Hace ya casi medio siglo, cuando Alberto Aguirre preparó la edición de las Obras Completas de León de Greiff, que no eran completas, por supuesto, pues el maestro habría de vivir todavía tres lustros y sus cajones rebosaban de cuadernos, Hernando Valencia Goelkel escribió unas palabras devastadoras. Voy a empezar con ellas pues es mejor prevenir y repeler de una vez la crítica más aguda que se le podrá hacer a esta Obra Poética. Como decía Apolodoro, “si juega a las Damas, ataque, / y si a los escaques, enroque”. Oigamos la crítica perspicaz, aunque injusta, de Valencia Goelkel para poder rebatirla:

“Sólo la pedantería de nuestro tiempo ha podido justificar y popularizar este sistema de reunir en uno o dos o tres volúmenes apretados todas las poesías de un poeta. Semejante arbitrio interesa sólo a los bárbaros -a los forzados de la filología-, a los superintelectuales […] Los espesos volúmenes se alinearán, sumisos, entre unos Trágicos griegos y una Sagrada Biblia (en edición luterana). La lírica no puede administrarse en dosis masivas. Es ya demasiado ardua la aproximación del lector a esta poesía como para agravar la dificultad al pedirle a aquel el esfuerzo faraónico de desentrañar lo (subjetivamente) esencial de una obra. Es cierto que todo lector de poesía lírica es un antólogo, pero en esta labor debieran precederlo la severidad del propio poeta y la temperancia de los editores.”
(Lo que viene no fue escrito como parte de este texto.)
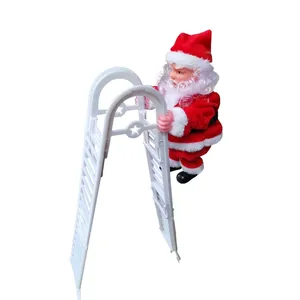 Electric climbing Santa Claus toy on white ladder for Christmas holiday home decoration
Valencia Goelkel se pone aquí la máscara del lector raso (que no lo era, pues su erudita labor crítica fue de profesional) y defiende el terror y la pereza de los lectores dominicales de hoy, que apenas sí tienen tiempo para leer revistas o libritos entecos de setenta páginas, y que al ver tres mamotretos como estos sentirán un helado escalofrío de repelencia. Los culpables de esta desmesura serán un editor intemperante (la Universidad Nacional) y un remero filológico superintelectual (Hjalmar de Greiff). En realidad, como lo advierte en el prólogo, el único propósito, humilde y sereno, de Hjalmar, ha sido “preservar una obra de la manera más fiel, con destino a generaciones futuras.” En cuanto al editor, la Universidad, lo que pretende es rendirle un homenaje a quien fuera uno de sus profesores.  Y en lo que se refiere al poeta como incontinente, o poco severo con su propia obra, habrá que decir que los mayores escritores de todos los tiempos, en castellano o en cualquier otra lengua, tienen una obra muy extensa, pues lo típico de un gran creador es que no sólo produce mucha calidad, sino también muchísima cantidad. No es necesario dar ejemplos, los grandes escritores tienen obras inmensas en los dos sentidos de la palabra inmensa.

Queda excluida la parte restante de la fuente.